Recorded data Block Start

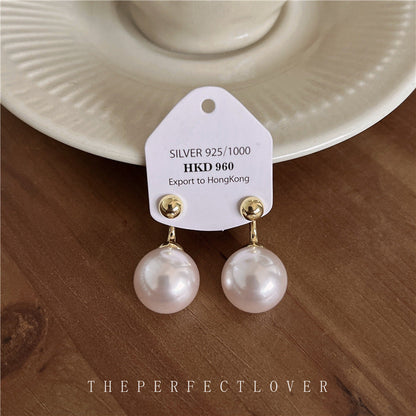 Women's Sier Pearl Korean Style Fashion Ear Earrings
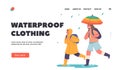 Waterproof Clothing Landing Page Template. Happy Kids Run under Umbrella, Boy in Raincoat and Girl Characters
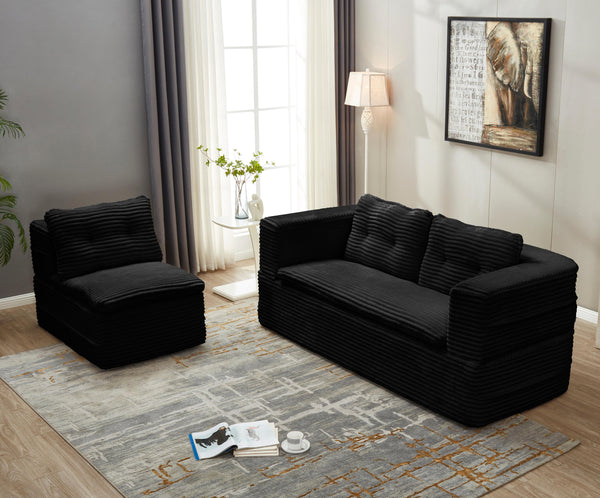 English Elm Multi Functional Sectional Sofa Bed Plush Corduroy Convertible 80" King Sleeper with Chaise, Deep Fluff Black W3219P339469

Recorded data Block End
Recorded data Block Start

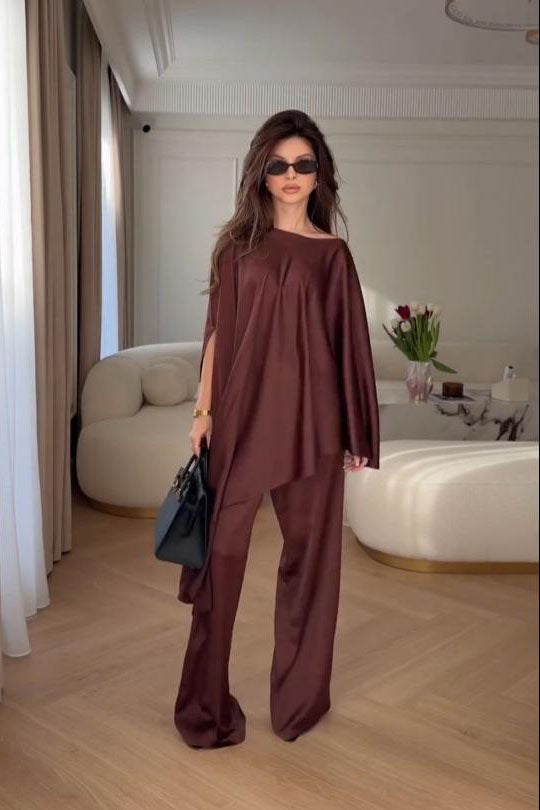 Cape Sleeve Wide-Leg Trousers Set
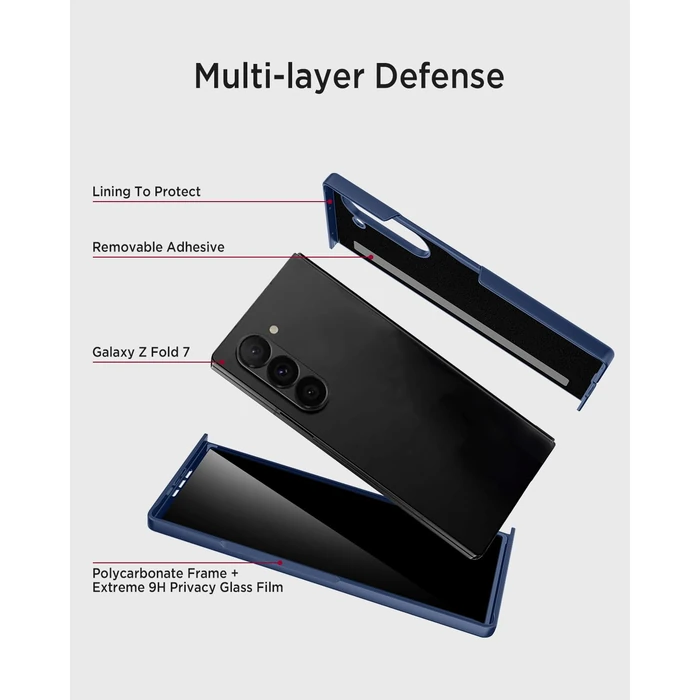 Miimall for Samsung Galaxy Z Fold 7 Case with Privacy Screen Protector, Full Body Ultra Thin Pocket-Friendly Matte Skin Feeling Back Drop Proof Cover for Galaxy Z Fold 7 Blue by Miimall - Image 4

Recorded data Block End

§ Aim of the task:
Using the data above, retype exactly the lines from the line with "Women's Sier Pearl" to the line with "English Elm Multi", inclusive. No pictures and nothing else.

§ Written answer:
 Women's Sier Pearl Korean Style Fashion Ear Earrings
 Waterproof Clothing Landing Page Template. Happy Kids Run under Umbrella, Boy in Raincoat and Girl Characters
 English Elm Multi Functional Sectional Sofa Bed Plush Corduroy Convertible 80" King Sleeper with Chaise, Deep Fluff Black W3219P339469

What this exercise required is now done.